Era il novembre del 2010 quando una corte di San José dava il via libera all’istituzione di un fondo di circa 8,5 milioni di dollari , che testimoniasse il rinnovato impegno di Google nella tutela della privacy degli utenti. L’azienda di Mountain View annunciava al mondo le sue scuse pubbliche, dopo gli incidenti causati dal suo discusso servizio social Buzz.
Diverse le organizzazioni statunitensi a cui erano stati destinati gli 8,5 milioni di dollari, tutte impegnate nella protezione del diritto alla riservatezza o più in generale delle libertà fondamentali dei netizen. Tra queste, l’ American Civil Liberties Union (ACLU), Electronic Frontier Foundation (EFF) e YMCA of Greater Long Beach .

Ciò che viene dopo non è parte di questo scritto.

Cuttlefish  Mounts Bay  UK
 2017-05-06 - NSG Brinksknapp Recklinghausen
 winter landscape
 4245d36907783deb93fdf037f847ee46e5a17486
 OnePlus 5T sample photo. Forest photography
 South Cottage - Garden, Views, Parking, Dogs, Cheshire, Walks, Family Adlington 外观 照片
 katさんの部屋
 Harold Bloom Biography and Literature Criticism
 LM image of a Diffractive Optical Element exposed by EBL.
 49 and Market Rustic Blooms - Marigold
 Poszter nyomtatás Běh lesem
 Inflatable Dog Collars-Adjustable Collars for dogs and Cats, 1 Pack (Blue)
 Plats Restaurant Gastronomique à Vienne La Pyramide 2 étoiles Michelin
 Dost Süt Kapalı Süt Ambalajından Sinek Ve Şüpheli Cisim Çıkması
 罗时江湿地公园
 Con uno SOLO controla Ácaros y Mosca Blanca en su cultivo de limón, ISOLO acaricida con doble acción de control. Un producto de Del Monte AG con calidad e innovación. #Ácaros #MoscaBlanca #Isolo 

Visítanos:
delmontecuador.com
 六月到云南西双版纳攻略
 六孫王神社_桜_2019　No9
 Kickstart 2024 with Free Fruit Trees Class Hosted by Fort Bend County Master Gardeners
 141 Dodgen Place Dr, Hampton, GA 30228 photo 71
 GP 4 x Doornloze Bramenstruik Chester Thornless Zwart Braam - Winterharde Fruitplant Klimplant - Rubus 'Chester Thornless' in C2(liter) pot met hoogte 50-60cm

Ma gli attivisti di Electronic Privacy Information Center (EPIC) erano stati esclusi dal fondo , nonostante avessero denunciato per primi le falle delle feature di Buzz. Un secondo giudice statunitense ha ora obbligato BigG a destinare una somma pari a 500mila dollari alle casse di EPIC , descritta dalla stessa corte come un’organizzazione prestigiosa e rispettata nel panorama della privacy online.
Il fondo istituito da Google avrebbe dunque chiuso ingiustamente i cordoni della sua borsa nei confronti di un’organizzazione pari ad ACLU o EFF. Secondo i legali di EPIC, l’azienda di Mountain View avrebbe destinato i soldi solo verso centri amici, legati ad attività di lobbying o di semplice consulenza. Pare che inizialmente EPIC avesse chiesto 1,75 milioni di dollari, sottolineando però come si trattasse di una mera questione di principio.